Meerlust Rubicon 2016 bottle

The vintage I have chosen, 2016, probably has more of a seven- to nine-year window, not least because it is drinking so beautifully now that I suspect people will struggle to stop themselves opening it. I was hard pressed to make a bottle last two nights, between me, myself and I. Its tannins are present, but supple and plump, and backed with a certain freshness of acidity as a counterpoint to its nicely ripe black fruit. It is lip-smacking and moreish.

Curious about its approachability, I had a look at the technical sheet for the 2016. Unlike many a tech sheet, this proved highly informative. Chris Williams, winemaker at Meerlust (whose personal wine label is The Foundry), explained that 2016 was dry (year two of the three-year Cape drought) but cool. The coolness perhaps explains both the freshness of fruit and the fine thread of acidity (TA 5.9 g/l, pH 3.52 for those interested).

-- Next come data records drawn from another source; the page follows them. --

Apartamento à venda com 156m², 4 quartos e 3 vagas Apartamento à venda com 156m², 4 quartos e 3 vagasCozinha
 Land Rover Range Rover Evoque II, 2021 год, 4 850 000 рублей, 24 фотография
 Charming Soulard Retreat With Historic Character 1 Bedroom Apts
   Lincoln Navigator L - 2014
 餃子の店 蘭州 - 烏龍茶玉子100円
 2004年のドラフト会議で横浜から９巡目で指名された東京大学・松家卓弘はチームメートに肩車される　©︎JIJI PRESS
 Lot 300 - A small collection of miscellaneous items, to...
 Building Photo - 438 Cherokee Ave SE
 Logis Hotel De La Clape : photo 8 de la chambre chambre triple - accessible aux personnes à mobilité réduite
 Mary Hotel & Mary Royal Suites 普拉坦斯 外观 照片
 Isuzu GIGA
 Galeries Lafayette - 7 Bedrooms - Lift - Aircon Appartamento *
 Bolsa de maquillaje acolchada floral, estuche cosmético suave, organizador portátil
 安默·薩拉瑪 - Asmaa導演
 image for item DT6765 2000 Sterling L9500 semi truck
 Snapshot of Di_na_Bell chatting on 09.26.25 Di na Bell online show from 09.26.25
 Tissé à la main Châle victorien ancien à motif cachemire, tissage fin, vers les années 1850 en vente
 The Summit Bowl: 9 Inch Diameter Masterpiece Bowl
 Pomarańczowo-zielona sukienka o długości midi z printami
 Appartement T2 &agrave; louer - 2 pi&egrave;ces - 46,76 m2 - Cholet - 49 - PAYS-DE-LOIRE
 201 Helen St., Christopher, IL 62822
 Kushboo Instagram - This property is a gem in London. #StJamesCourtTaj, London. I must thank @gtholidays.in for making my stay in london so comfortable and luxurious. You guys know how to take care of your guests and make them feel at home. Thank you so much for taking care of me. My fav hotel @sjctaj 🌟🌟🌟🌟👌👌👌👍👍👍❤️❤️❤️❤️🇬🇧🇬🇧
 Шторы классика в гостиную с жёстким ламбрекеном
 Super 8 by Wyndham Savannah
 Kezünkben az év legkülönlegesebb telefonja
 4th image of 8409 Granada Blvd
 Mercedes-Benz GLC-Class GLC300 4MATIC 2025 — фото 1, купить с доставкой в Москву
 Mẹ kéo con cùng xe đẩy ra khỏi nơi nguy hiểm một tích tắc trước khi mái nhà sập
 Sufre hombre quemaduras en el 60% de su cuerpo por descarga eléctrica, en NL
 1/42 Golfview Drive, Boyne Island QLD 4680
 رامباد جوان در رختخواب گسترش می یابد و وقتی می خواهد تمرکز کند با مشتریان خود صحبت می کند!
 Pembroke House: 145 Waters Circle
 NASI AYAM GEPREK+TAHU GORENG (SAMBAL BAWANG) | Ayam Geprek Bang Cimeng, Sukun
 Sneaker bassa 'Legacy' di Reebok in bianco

More importantly, uneven fruit set and slow ripening meant uneven ripeness in the Cabernet Sauvignon while Merlot apparently shone. Consequently, the 49% Cabernet Sauvignon in the blend is the lowest in Rubicon history, with 28% Merlot, 20% Cabernet Franc and 3% Petit Verdot making up the remainder. In addition, extraction during fermentation was deliberately gentle with the Cabernet, reflected in the supple tannic structure.

The wine spent 16 months in 55% new Nevers oak barrels, with the oak giving cedar and some incense-like spice notes which worked in harmony with tobacco-leaf aromas that are most likely from the Cabernet Franc component. This was a wine that brought a smile to my face, which is just what an impulse purchase on the way home should do. I scored it 17/20.

Finally, if it is one thing to launch a category and another to do it well, then it is yet another to do it at reasonable prices with wide availability. Thankfully, Rubicon hits these points too. Wine-Searcher shows it will set UK buyers back £23.50, US $29.99 and €23.80 for those in continental Europe, with plenty of availability in other markets, not least in South Africa itself.